» Your task:
Print nothing beyond the line with "Smith Patti - Easter (LP)": every line from the beginning of the data up to it, that line included, and no pictures.

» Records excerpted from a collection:
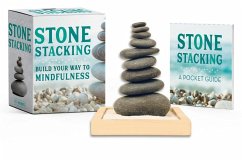 Stone Stacking - Kopaczewski, Christine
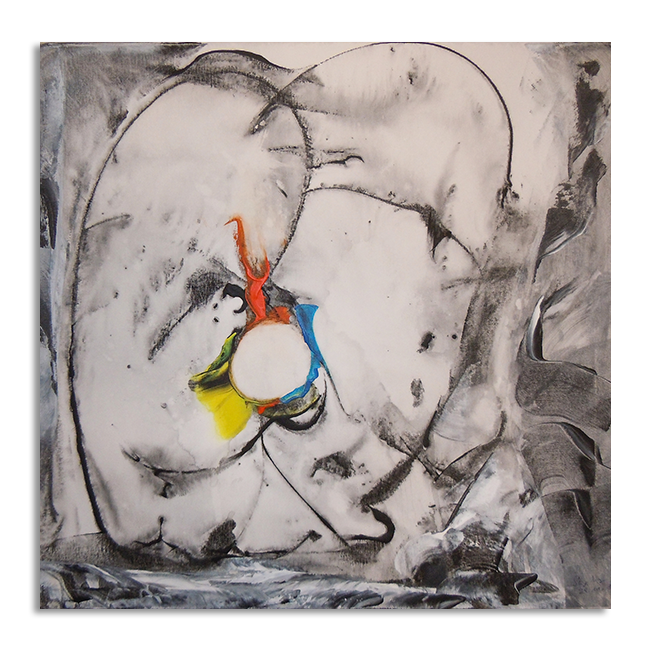 Siegi Wurz Moderne Kunst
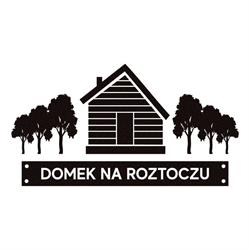 Domek na Roztoczu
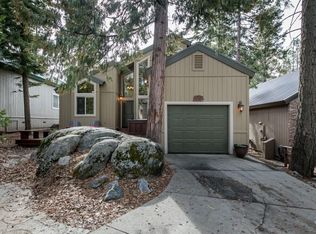 40779 Silvertip Ln, Shaver Lake, CA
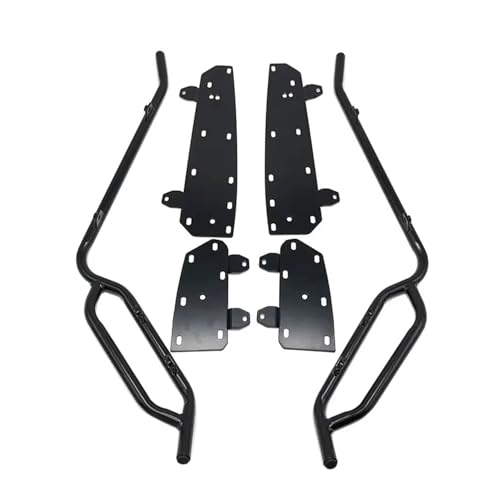 Protection moteur Forza 350 pour trajets urbains et autoroute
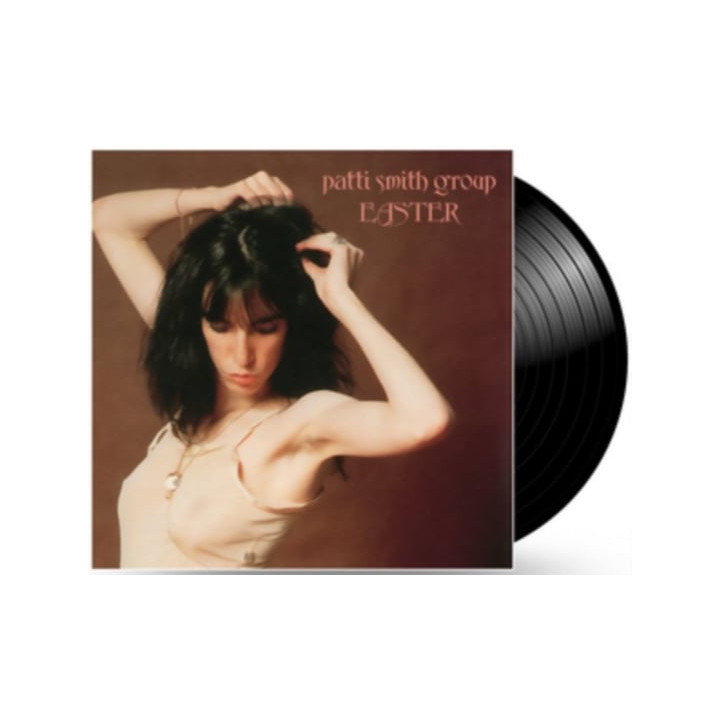 Smith Patti - Easter (LP)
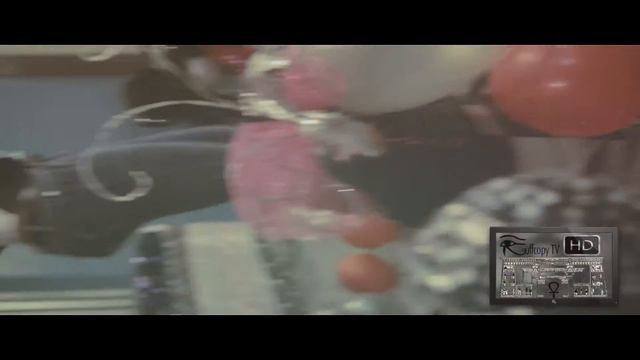 Ruffcopy Vlog : Tati Boo Sweet 16 ft Jazzie Da Kid performance смотреть онлайн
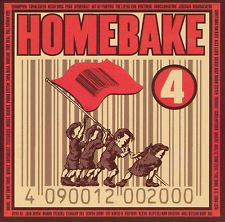 Homebake 4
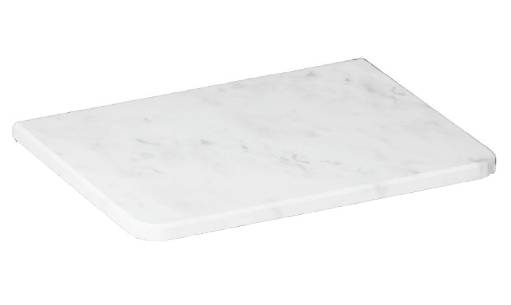 Camberwell Work Top 600 Carrara Marble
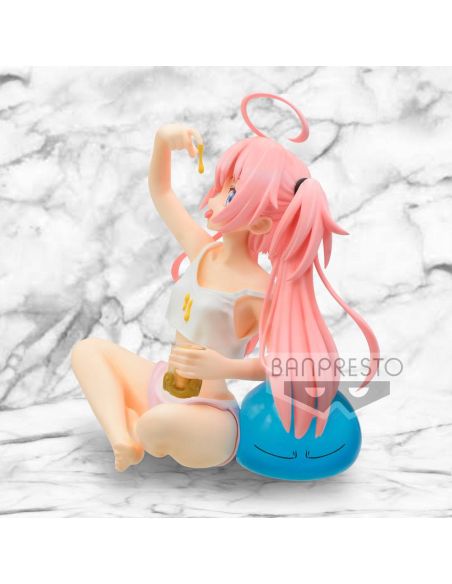 Figura Milim 20 cm - That Time I Got Reincarnated as a Slime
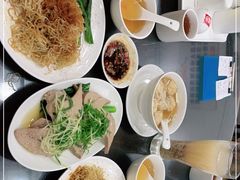 -丽的面家(多宝路店)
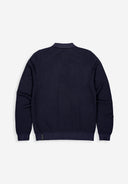 Ripley Polo LS | Alaska Blue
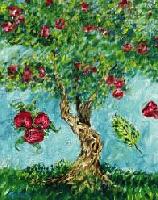 Picture for song 'Crab Apples' by artist 'Mentalist'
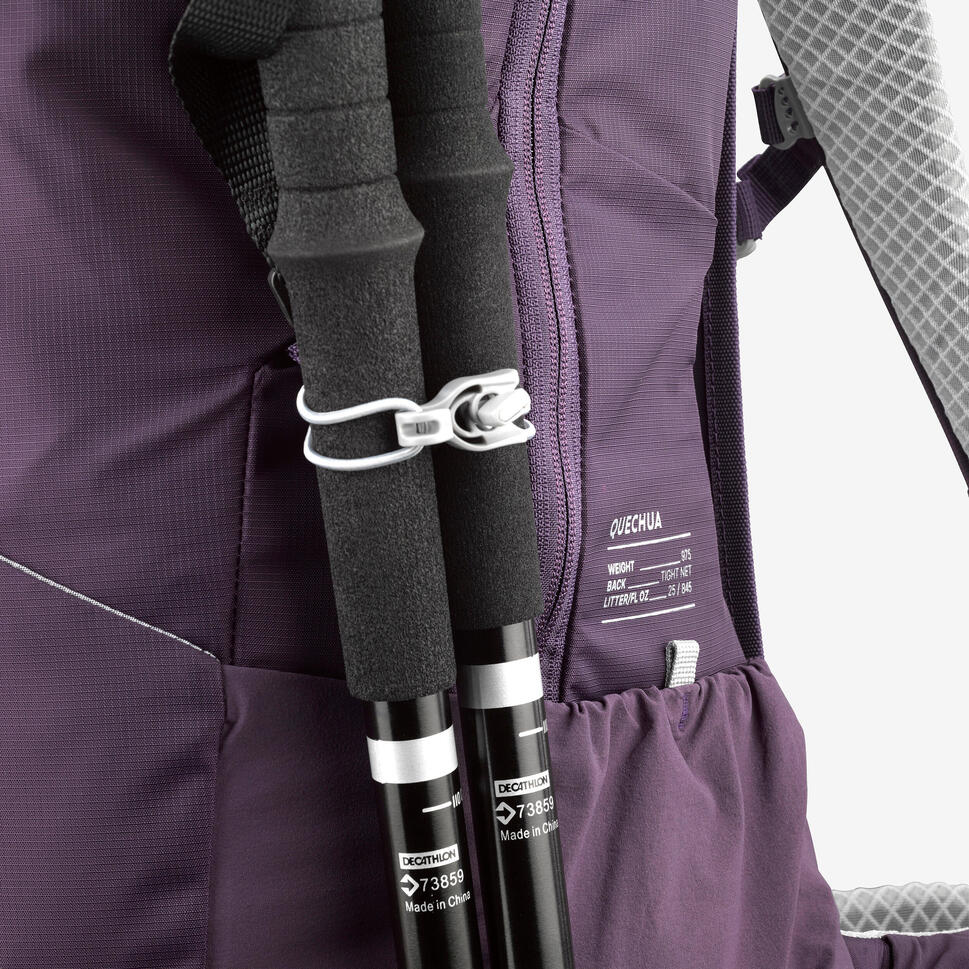 Quechua MH500 25 L Hiking Backpack
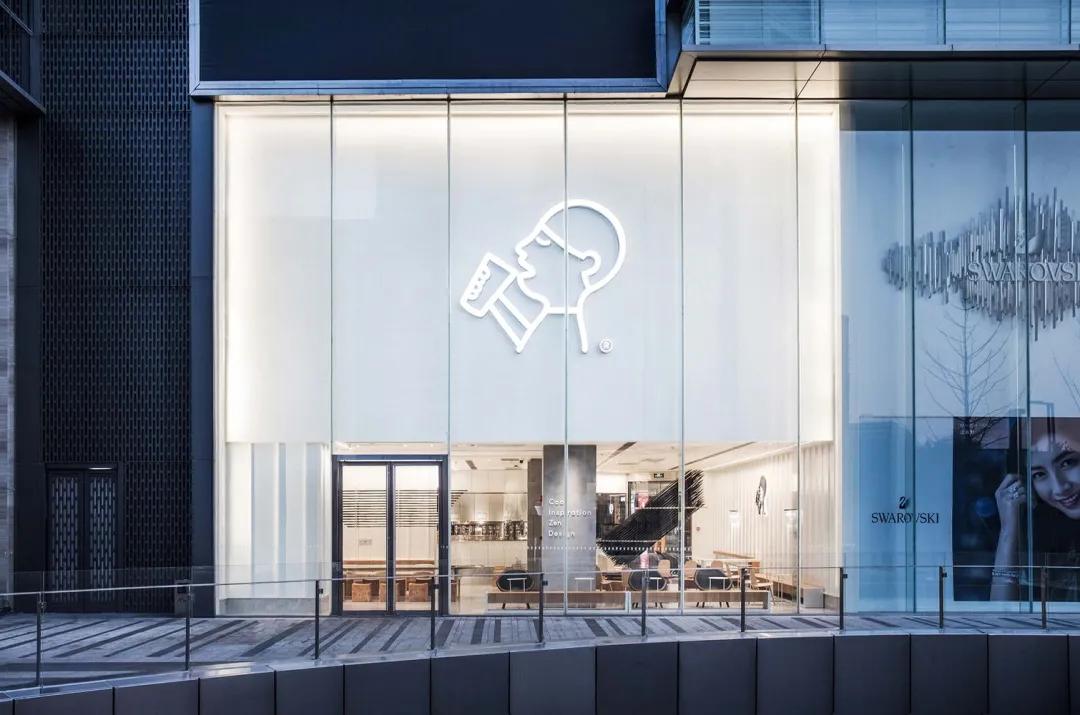 喜茶完成新一轮5亿美元融资,喜茶融资后估值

» Response to this task:
 Stone Stacking - Kopaczewski, Christine
 Siegi Wurz Moderne Kunst
 Domek na Roztoczu
 40779 Silvertip Ln, Shaver Lake, CA
 Protection moteur Forza 350 pour trajets urbains et autoroute
 Smith Patti - Easter (LP)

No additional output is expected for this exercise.